You can talk about roms etc, just not ask for links. Also cannot provide or ask for links to sites that host warez. The rule is only in place so that gbatemp can avoid a takedown


----------



## DinohScene (Jun 28, 2017)

Mentioning ROMs is allowed.
Mentioning warez sites isn't.
That should include posts containing "that iso site" "that chaos site" etc!

Rules state that members can't mention them.


			
				Rules said:
			
		

> Members may also *NOT* mention torrent or warez-containing sites or channels by name or otherwise.


----------



## kbf (Jun 28, 2017)

V0ltr0n said:


> You can talk about roms etc, just not ask for links. Also cannot provide or ask for links to sites that host warez. The rule is only in place so that gbatemp can avoid a takedown




but what about stuff like wii USB helper and CIAangle/freeshop? aren't those things allowed to be talked about on here?


----------



## Oleboy555 (Jun 28, 2017)

raulpica said:


> Yeah, mentioning them is okay. There are plenty of legal ways of dumping your own games for emulation/backup purposes and that's what we assume most users are doing.
> 
> Obviously writing something like "lol I got dis pokaymanz r0m from a website" CLEARLY tells us that user X has pirated a game and as such his/hers post will be removed and the user warned/banned accordingly.


whta about the pirating game on the edge of the forum?


----------



## Zero72463 (Jun 28, 2017)

raulpica said:


> Yeah, mentioning them is okay. There are plenty of legal ways of dumping your own games for emulation/backup purposes and that's what we assume most users are doing.
> 
> Obviously writing something like "lol I got dis pokaymanz r0m from a website" CLEARLY tells us that user X has pirated a game and as such his/hers post will be removed and the user warned/banned accordingly.



A lot of people here say they pirate, but they don't get banned. Or is it just for mentioning the site?


----------



## kbf (Jun 28, 2017)

Zero72463 said:


> A lot of people here say they pirate, but they don't get banned.

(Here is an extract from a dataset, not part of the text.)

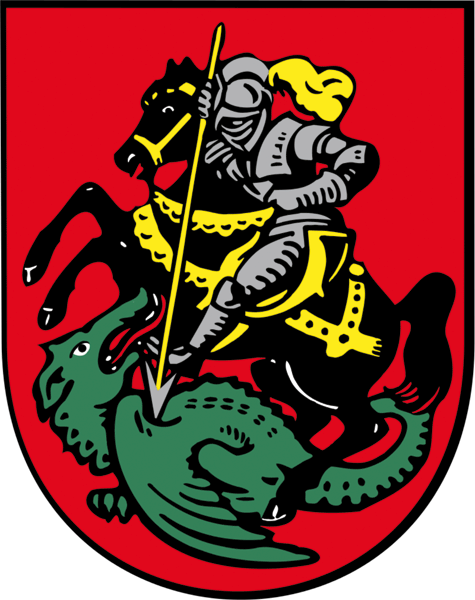 Stadtwappen von Schwarzenberg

Or is it just for mentioning the site?



I don't think you could really go after anyone for saying that because the company would have to prove that you have stolen their intellectual property and I just don't see most companies going after a single forum user for admitting to piracy.

Iv'e had Nintendo suspect I had homebrew on my wii or I might have slipped it by accident i'm not sure(it was for a repair) and all they said is that they couldn't help me if it was modded.


----------



## Tom Bombadildo (Jun 28, 2017)

Zero72463 said:


> A lot of people here say they pirate, but they don't get banned. Or is it just for mentioning the site?


Specifically going around telling everyone "I pirated this game from XYZ website LOLOLOLOL" is warn/banworthy, just saying "yeah sometimes I pirate stuff", not so much (unless it's irrelevant to the discussion, of course).



kbf said:


> but what about stuff like wii USB helper and CIAangle/freeshop? aren't those things allowed to be talked about on here?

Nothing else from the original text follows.